TASK → With pictures left out, write out exactly every line from the start of the data through the one that contains "Bathroom with claw foot tub".

++++ RECORDS FOR THIS EXERCISE ++++

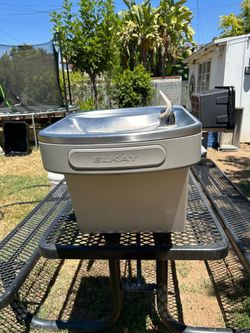 WALL MOUNT  REFRIGERATOR DRINKING FOUNTAIN
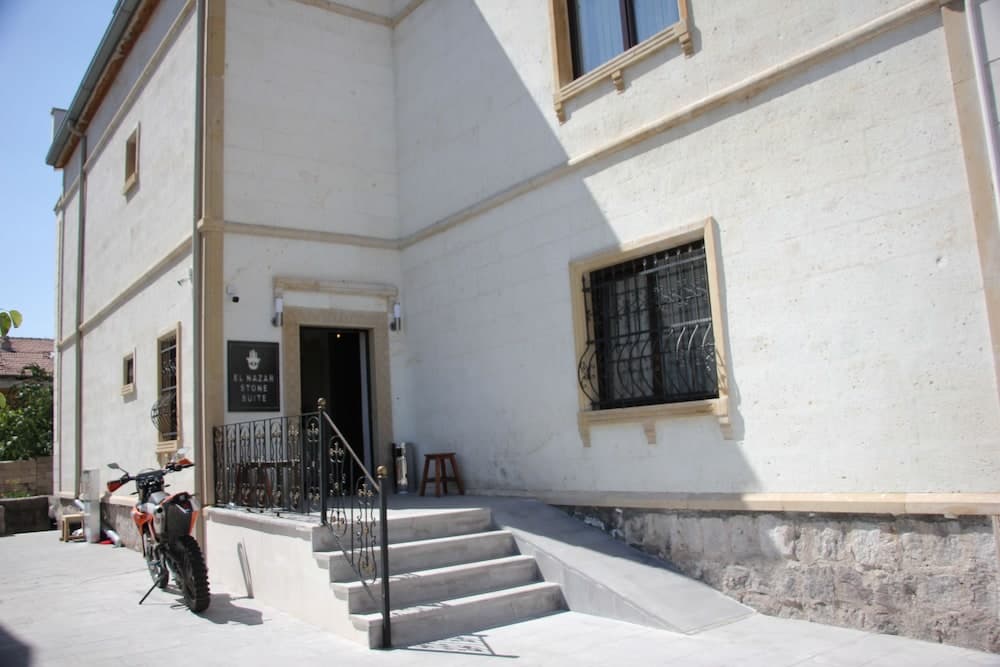 El Nazar Stone Suite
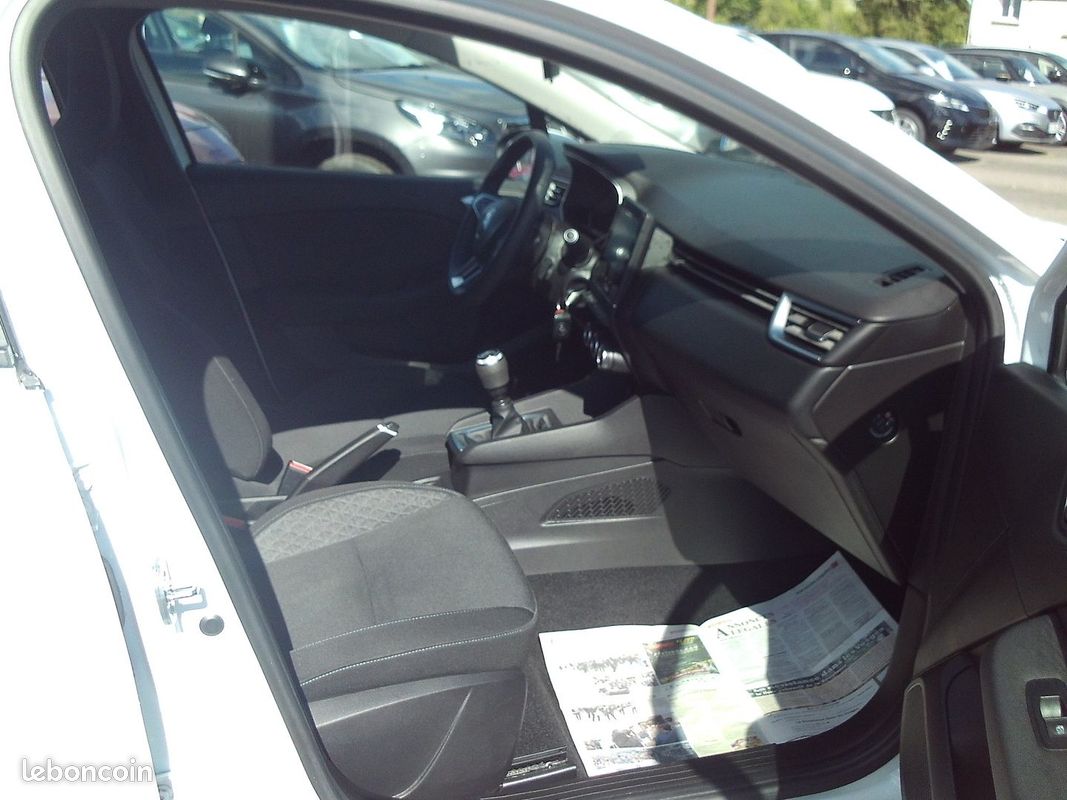 Renault CLIO V 1.5 BLUE DCI 85CH BUSINESS BV6 5 PORTES (image 7)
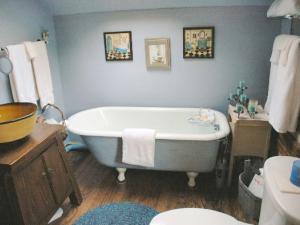 Bathroom with claw foot tub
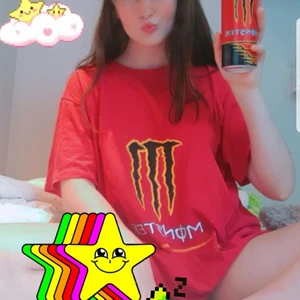 Monster T-shirt strl xl - Asball röd monster T-shirt till salu! Har själv handmålat den så den är helt unik i sitt slag              🙌❤💛🖤 Följ gärna mitt instagramkonto @terribledezigns där jag säljer fler handmålade tröjor och där du även kan göra specifika beställningar😚✅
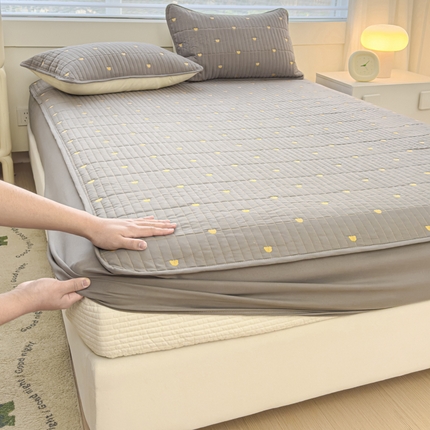 金丝鸟家纺 2024新款2024新款A类磨毛大豆防水夹棉床笠-小熊 小熊 灰色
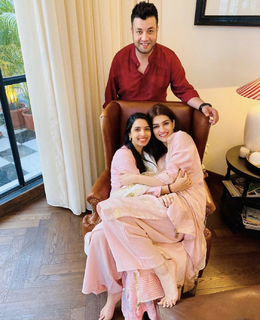 Kriti Sanon feet photo thumbnail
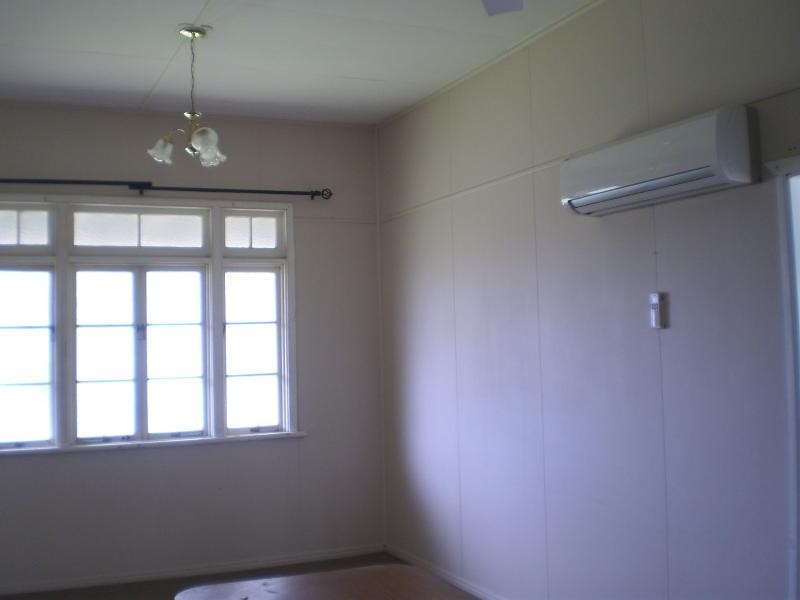 77 Cambridge Street, Rockhampton QLD 4700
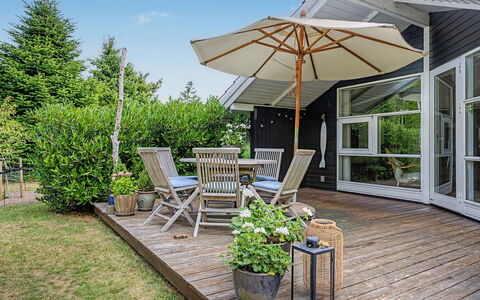 Lirim - 400M from the Sea: Chalet, Arrière-Cour, Cour, Batiments Jardin, Cabanon, Siding, Mobilier De Jardin, Cabane En Rondins, Structure En Plein Air, Cabane
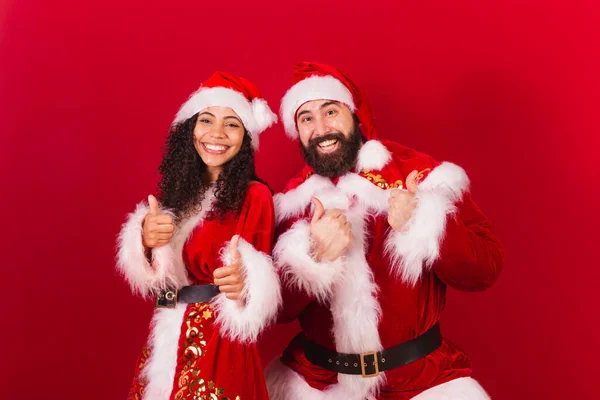 Βραζιλιάνικο Ζευγάρι Ντυμένο Για Χριστούγεννα Άγιος Βασίλης Μούμια Claus Όπως — Φωτογραφία Αρχείου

++++

ANSWER SECTION →
 WALL MOUNT  REFRIGERATOR DRINKING FOUNTAIN
 El Nazar Stone Suite
 Renault CLIO V 1.5 BLUE DCI 85CH BUSINESS BV6 5 PORTES (image 7)
 Bathroom with claw foot tub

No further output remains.